Description of the task –
Taking the line with "Gallery image thumbnail" as the first and the line with "Uno de los vítores" as the last, set down exactly every line in that range from the entries below, and no more.

[Material for this exercise — start]

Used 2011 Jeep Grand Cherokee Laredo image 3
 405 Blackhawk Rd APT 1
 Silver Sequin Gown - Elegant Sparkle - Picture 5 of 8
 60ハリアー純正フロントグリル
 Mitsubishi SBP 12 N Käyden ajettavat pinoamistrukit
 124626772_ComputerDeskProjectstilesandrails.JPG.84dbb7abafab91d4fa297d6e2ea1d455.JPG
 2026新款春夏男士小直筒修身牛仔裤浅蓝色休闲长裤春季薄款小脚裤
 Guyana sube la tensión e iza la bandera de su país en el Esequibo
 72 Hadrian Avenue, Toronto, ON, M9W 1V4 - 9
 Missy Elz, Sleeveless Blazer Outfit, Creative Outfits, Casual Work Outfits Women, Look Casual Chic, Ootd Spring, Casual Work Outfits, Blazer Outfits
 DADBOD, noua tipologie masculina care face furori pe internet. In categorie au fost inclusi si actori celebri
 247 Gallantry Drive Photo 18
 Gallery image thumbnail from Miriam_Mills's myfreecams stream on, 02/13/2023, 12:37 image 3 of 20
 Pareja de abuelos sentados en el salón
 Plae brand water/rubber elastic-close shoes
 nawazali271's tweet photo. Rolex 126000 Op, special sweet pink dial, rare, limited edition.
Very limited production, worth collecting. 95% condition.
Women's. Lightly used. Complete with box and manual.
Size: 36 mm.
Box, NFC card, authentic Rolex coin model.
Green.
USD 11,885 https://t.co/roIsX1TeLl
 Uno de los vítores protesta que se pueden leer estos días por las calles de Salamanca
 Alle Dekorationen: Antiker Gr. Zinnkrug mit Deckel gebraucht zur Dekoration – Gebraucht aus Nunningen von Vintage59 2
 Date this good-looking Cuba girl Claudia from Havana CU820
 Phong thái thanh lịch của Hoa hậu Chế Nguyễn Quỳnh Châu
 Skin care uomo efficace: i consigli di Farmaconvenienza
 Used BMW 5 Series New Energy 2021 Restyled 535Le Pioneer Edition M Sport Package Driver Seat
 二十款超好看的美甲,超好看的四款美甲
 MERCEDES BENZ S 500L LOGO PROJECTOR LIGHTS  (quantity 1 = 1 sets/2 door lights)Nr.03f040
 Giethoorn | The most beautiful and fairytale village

[Material for this exercise — finish]

Response –
 Gallery image thumbnail from Miriam_Mills's myfreecams stream on, 02/13/2023, 12:37 image 3 of 20
 Pareja de abuelos sentados en el salón
 Plae brand water/rubber elastic-close shoes
 nawazali271's tweet photo. Rolex 126000 Op, special sweet pink dial, rare, limited edition.
Very limited production, worth collecting. 95% condition.
Women's. Lightly used. Complete with box and manual.
Size: 36 mm.
Box, NFC card, authentic Rolex coin model.
Green.
USD 11,885 https://t.co/roIsX1TeLl
 Uno de los vítores protesta que se pueden leer estos días por las calles de Salamanca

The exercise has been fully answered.